Close to 4,000 French researchers have pledged to forgo access to Springer journals in order to pressure the publisher into lowering prices.
A consortium of French research organisations is currently without a contract with the publisher after the two sides failed to reach a deal on prices.
Couperin wants subscription prices to fall as more articles become open access, but it says that Springer continues to demand increases.
In a petition posted to change.org, French researchers say that the “toll taken by the major commercial scientific publishers” on universities and other research institutes has become “simply unbearable”.
“The inflationist pricing policy of the major commercial scientific publishers is a growing concern of the global scientific community,” the petition says.
Couperin has said that earlier this month, Springer Nature, which owns Springer, failed to follow through on a threat to cut journal access if no new deal was agreed, a claim on which the publisher has not commented.
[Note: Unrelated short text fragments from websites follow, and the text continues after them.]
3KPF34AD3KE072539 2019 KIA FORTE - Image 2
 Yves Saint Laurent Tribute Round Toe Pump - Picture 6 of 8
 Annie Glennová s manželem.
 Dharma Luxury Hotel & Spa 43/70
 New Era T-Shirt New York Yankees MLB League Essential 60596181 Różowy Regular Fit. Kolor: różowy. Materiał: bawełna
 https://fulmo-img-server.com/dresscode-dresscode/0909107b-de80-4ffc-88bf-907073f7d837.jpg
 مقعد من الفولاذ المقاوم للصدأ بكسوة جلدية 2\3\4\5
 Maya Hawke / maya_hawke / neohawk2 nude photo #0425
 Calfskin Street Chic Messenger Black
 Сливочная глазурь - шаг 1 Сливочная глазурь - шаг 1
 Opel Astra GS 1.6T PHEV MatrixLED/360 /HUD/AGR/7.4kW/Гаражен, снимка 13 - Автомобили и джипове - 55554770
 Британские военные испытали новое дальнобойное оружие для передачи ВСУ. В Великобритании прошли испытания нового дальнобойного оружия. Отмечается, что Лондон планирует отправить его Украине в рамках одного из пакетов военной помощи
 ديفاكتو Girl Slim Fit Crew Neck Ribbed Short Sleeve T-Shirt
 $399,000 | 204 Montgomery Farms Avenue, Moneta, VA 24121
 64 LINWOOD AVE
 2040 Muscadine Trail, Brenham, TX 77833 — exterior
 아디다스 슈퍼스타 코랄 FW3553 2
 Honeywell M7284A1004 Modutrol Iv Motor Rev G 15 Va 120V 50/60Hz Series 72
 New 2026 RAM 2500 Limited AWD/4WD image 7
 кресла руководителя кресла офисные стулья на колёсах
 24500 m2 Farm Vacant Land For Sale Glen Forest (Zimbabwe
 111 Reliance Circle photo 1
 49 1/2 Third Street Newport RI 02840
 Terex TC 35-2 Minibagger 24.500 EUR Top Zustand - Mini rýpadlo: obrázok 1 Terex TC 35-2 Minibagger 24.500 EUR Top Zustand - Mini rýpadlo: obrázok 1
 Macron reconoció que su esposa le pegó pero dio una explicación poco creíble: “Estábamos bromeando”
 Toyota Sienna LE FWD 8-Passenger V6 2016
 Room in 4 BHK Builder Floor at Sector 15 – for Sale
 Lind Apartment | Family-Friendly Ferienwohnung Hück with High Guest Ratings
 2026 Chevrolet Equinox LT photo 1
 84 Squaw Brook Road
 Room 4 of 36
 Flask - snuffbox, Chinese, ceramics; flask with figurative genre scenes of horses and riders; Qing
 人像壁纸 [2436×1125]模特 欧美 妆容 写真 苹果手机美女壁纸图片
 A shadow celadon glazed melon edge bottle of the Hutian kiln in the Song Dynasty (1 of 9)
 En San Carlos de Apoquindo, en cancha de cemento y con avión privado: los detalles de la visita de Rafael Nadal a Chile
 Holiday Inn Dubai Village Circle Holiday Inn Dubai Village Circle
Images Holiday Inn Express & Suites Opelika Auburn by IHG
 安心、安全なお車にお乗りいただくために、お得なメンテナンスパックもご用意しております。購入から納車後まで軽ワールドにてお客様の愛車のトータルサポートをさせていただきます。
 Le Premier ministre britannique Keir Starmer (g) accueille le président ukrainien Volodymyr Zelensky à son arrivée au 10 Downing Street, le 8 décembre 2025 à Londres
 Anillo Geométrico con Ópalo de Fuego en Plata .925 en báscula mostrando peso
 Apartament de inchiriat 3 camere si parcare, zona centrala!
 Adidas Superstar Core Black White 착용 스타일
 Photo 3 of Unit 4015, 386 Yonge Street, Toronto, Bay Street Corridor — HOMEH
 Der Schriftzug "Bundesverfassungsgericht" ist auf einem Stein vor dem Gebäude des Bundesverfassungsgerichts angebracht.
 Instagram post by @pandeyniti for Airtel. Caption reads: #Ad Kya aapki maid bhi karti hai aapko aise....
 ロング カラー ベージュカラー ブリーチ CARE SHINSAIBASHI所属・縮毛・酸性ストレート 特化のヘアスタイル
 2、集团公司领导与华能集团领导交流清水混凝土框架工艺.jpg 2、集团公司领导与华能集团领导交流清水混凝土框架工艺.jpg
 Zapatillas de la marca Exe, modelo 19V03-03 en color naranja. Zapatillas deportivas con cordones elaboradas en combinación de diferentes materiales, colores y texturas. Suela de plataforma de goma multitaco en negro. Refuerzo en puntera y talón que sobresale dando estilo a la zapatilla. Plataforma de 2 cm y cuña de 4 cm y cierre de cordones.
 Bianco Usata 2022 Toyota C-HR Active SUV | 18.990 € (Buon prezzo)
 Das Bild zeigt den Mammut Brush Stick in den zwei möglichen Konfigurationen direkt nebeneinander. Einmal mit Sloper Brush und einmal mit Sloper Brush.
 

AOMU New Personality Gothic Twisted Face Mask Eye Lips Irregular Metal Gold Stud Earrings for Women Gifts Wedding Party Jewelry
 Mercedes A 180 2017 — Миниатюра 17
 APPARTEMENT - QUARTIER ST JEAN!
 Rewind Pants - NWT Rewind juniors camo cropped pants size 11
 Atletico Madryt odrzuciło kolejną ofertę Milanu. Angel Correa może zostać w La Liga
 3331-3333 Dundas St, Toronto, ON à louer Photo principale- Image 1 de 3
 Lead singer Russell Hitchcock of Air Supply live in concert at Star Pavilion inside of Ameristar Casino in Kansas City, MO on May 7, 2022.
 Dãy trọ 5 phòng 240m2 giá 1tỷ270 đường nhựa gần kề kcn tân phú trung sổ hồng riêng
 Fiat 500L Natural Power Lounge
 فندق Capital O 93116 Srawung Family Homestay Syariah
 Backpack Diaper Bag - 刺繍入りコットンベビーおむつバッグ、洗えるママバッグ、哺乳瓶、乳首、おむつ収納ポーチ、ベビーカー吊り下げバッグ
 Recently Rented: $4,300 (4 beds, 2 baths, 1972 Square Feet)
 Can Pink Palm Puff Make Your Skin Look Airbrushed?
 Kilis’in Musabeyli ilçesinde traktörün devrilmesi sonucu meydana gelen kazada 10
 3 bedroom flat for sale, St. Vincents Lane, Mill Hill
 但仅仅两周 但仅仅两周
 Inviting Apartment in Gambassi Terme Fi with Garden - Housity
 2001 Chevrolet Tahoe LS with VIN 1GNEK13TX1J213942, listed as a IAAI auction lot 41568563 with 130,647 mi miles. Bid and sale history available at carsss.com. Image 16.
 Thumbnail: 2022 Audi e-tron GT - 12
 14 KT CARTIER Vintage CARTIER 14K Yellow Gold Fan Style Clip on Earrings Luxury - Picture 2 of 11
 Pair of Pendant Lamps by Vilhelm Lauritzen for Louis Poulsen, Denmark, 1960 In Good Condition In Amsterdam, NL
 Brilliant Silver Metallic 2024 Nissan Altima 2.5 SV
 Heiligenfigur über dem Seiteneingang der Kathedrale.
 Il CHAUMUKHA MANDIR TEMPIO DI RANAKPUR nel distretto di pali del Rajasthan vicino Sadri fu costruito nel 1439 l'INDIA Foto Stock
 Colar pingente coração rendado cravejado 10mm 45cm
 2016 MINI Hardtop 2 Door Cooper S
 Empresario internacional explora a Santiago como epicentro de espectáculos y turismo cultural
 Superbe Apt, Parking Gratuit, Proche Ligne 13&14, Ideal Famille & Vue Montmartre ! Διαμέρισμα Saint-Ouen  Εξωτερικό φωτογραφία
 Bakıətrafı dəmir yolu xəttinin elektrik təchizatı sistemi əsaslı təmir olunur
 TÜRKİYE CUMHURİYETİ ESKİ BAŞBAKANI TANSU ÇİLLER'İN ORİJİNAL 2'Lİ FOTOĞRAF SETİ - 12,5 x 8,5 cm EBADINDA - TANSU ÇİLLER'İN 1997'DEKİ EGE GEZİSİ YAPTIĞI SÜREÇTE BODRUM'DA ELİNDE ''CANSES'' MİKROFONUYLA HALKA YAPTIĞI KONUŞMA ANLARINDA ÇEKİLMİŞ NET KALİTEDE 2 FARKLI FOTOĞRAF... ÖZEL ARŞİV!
But access has been maintained, meaning that French institutions can access Springer journals for free, which Couperin says is costing the publisher about €5 million (£4.3 million) a year.
“Our work will be directly affected should Springer eventually decide to enact their decision and shut down access to their recent contents,” the petition says.
“However, we support the firm stance taken by Couperin and we are ready to endure this relative discomfort for as long as it will be necessary to bring Springer to acceptable propositions,” it continues.
If no such proposition is made, the researchers say that they are ready to have subscriptions cancelled.
“No more direct access to Springer’s latest papers? No problem. We will do without. There are so many ways: institutional depositories, social networks, direct requests to the authors…We are not worried,” the petition continues.
The publisher has said that it is maintaining access while it considers a new offer.